Anyway there's a word which he uses fairly often, which looks really out of place sometimes; here's one sentence straight from 'Tess', page 56 in my book:


> Her mother expostulated. 'You will never set out to see your folks without dressing up more the dand than that?'


EXPOSTULATED!!?!!!


----------



## HLGStrider

I know one is supposed to avoid big words especially for the sake of big words. . .

but there are some that aren't big or complicated, I just like them.

Like HOWEVER. I love the word however.


----------



## Lantarion

Arg I hate 'however'..! Poeple use it so strangely, at the ends of sentences; like "I think that it might work, however."
The only time I feel that 'however' should be used is in the middle of a sentence, or as the first word of one. 

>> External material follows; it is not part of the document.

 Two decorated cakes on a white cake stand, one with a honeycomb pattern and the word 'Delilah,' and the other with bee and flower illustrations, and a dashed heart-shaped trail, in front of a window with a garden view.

Hmm, I like many words.. Many not so much for their meaning but for their sound.. Like the word *detest*; the meaning is obviously not something I would find that appealing, but I just really like the way the word rolls off the tongue.


----------



## HLGStrider

For that, I like words like Weevil. . .


Are there any words/names, etc, that you purposefully mispronounce because it sounds good? I mean, I pronounce Subtle as spelled, occasionally putting a hard accent on the b, because I like it that way.


----------



## Lantarion

Hah, not that I can think of now.. In fact I'm a bit of a nitpick when it comes to pronunciation of English; some friends of mine say the word '*variable*' as [vur-aya-bl], when it should (IMO) be pronounced [vare-ee-ah-bl]. 
I actually like the way English words sound when spoken, even though sometimes I'm almost insulted by the atrocious lack of phonetic structure.. Look at the word '_wouldn't_. The 'o', 'u' and 'l' are completely unnecessary!! And yet I would never want to see English spelt phonetically..


----------



## Ireth Telrúnya

I think it's funny that the old English Bibles use "charity" instead of "love".
And all these "lovingkindnesses" and "woe unto yous" and the use of -th endings.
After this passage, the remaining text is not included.